● **Data excerpts**:
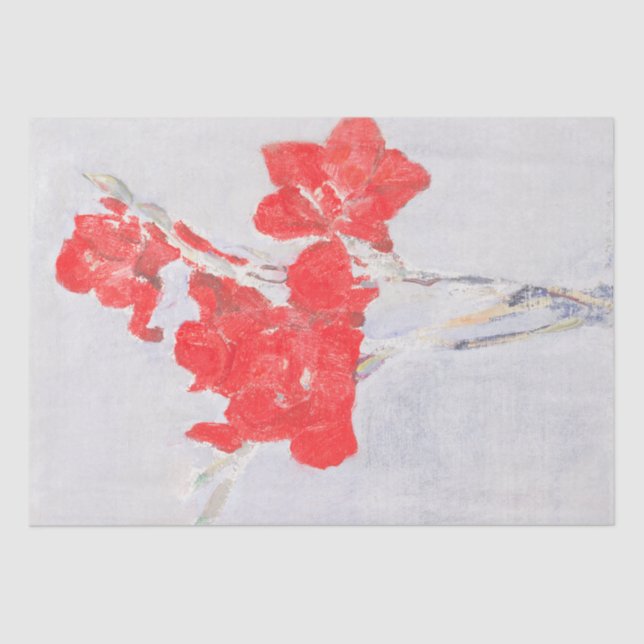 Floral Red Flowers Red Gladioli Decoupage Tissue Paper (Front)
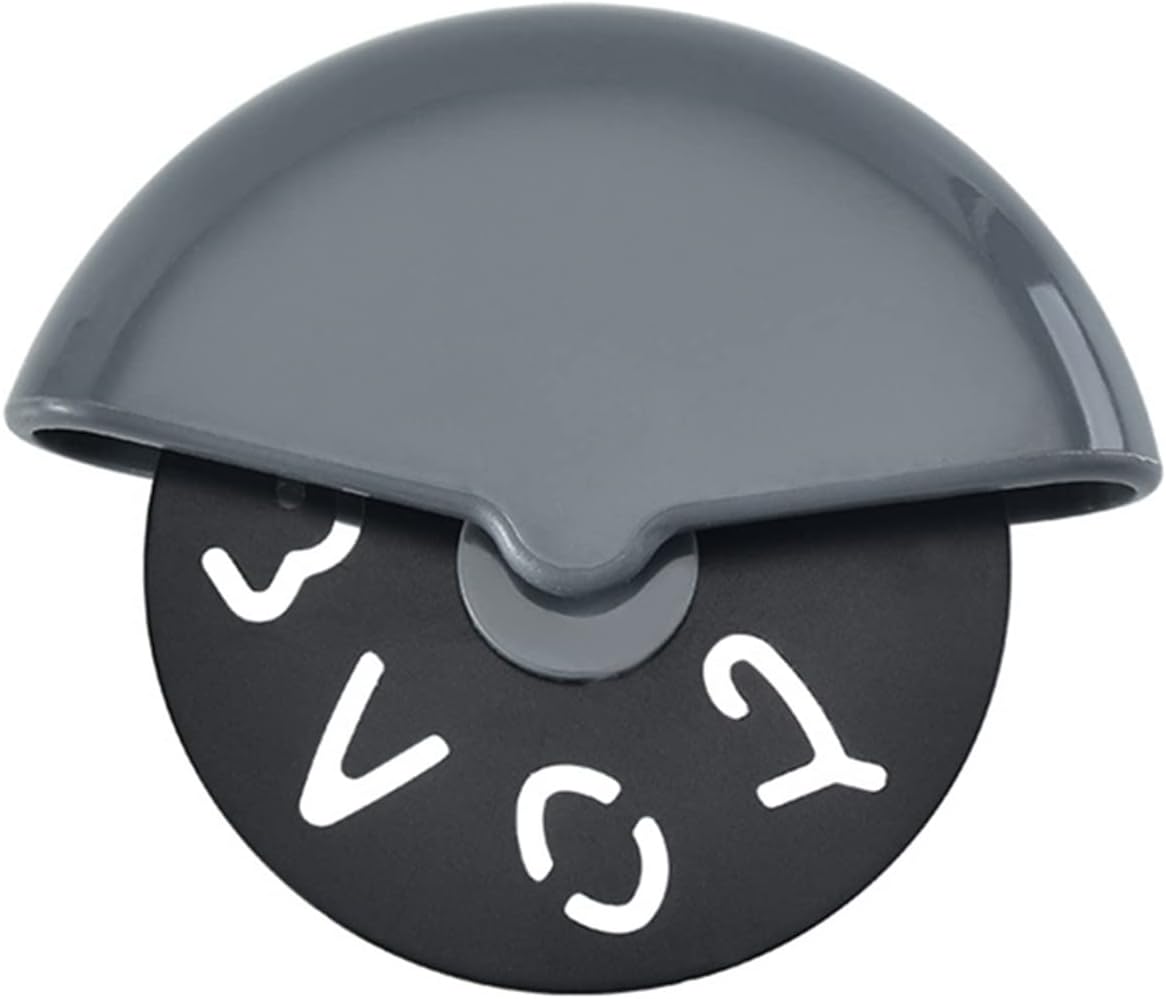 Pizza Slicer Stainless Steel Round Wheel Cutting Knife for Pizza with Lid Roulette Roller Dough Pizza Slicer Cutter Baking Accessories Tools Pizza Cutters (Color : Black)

==

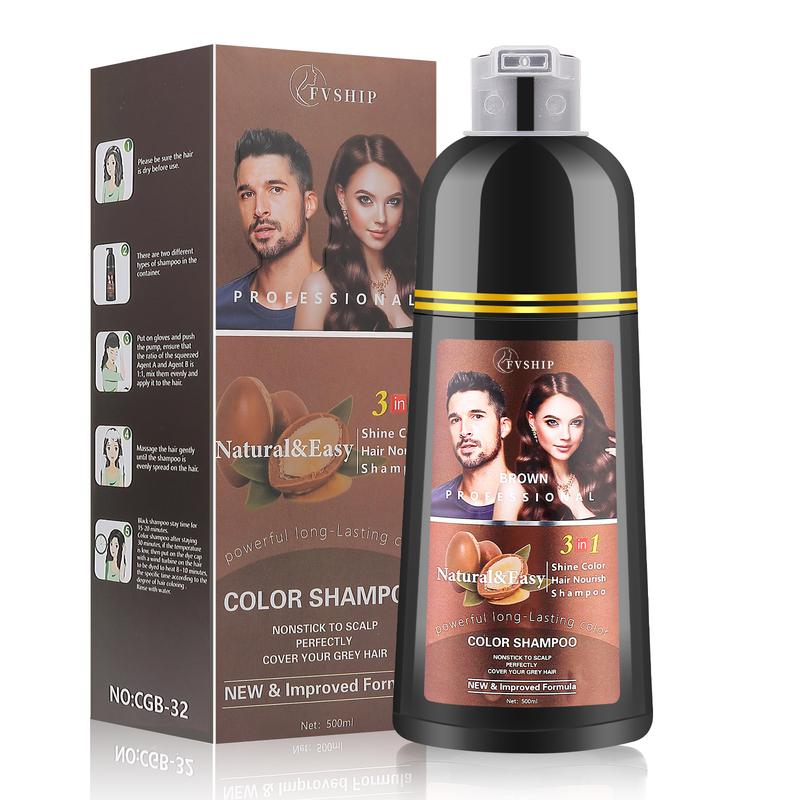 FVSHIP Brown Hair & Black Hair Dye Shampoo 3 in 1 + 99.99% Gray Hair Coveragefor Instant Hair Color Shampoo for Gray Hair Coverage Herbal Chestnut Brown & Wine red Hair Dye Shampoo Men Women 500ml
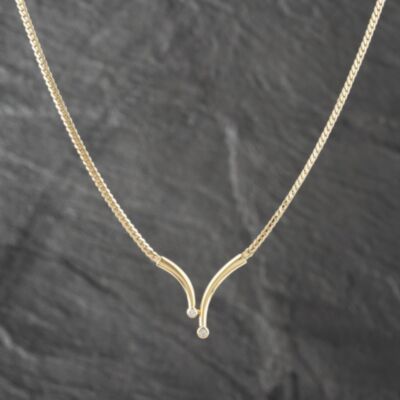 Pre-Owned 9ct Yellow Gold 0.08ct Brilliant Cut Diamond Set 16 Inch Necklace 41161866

● **Exercise instructions**: Using the material above, transcribe exactly the lines from the one holding "Floral Red Flowers" to the one holding "Pizza Slicer Stainless", both ends kept. Do not carry over any pictures.

● **Final answer**:
 Floral Red Flowers Red Gladioli Decoupage Tissue Paper (Front)
 Pizza Slicer Stainless Steel Round Wheel Cutting Knife for Pizza with Lid Roulette Roller Dough Pizza Slicer Cutter Baking Accessories Tools Pizza Cutters (Color : Black)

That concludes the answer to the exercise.